### [Your assignment]
Transcribe the listing verbatim, please, with images dropped.

### [Data segment]
+++++

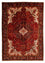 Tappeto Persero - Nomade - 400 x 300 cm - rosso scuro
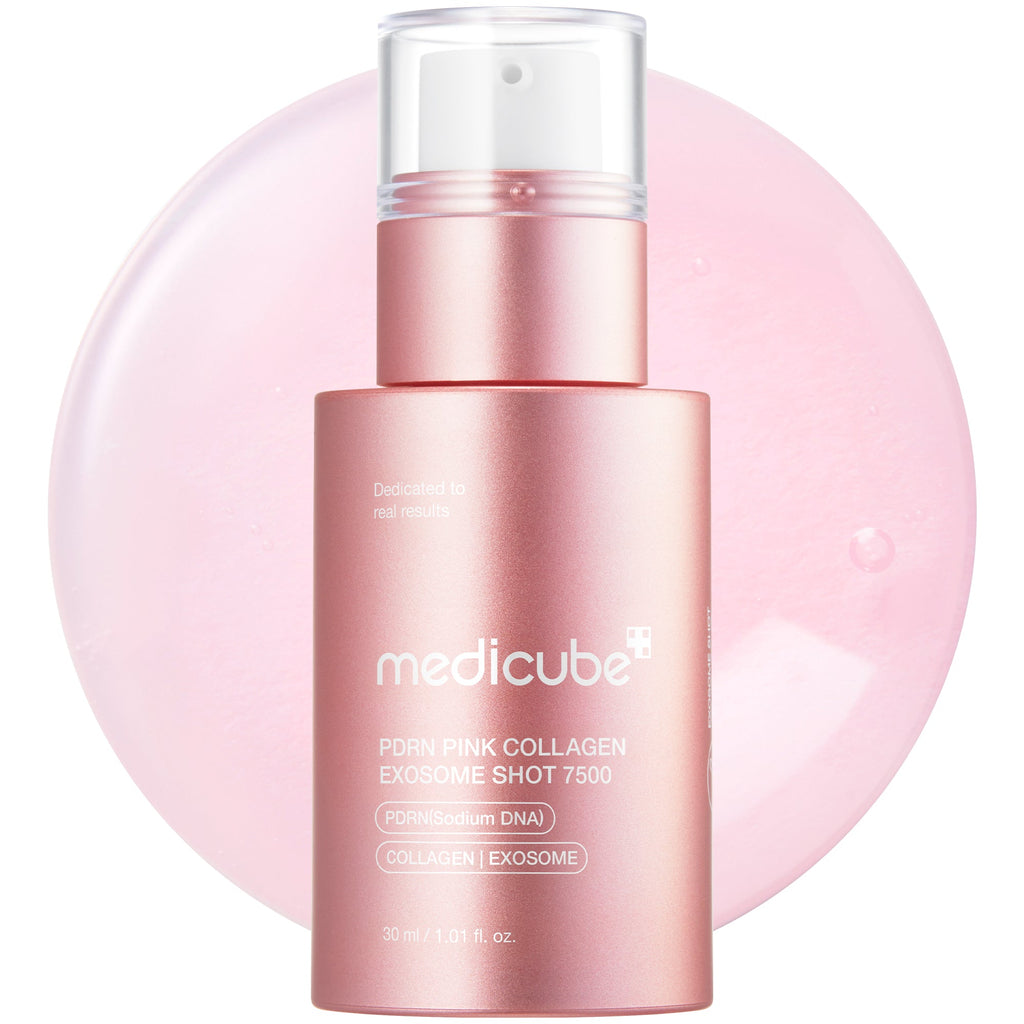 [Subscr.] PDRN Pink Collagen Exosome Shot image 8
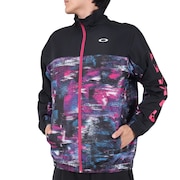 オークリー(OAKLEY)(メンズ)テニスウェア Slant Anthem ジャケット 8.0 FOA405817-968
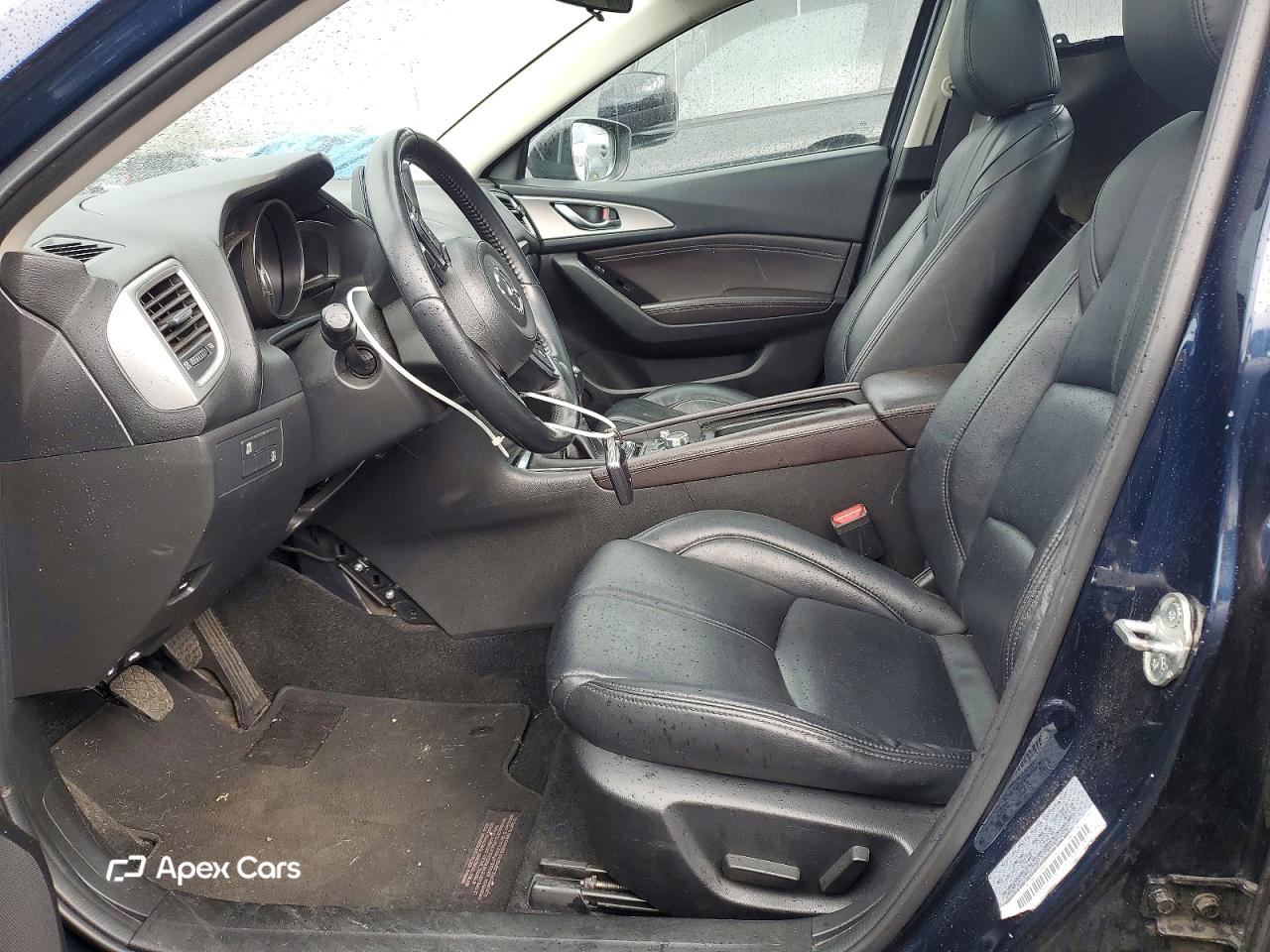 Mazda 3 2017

+++++

### [Reply to the exercise]
 Tappeto Persero - Nomade - 400 x 300 cm - rosso scuro
 [Subscr.] PDRN Pink Collagen Exosome Shot image 8
 オークリー(OAKLEY)(メンズ)テニスウェア Slant Anthem ジャケット 8.0 FOA405817-968
 Mazda 3 2017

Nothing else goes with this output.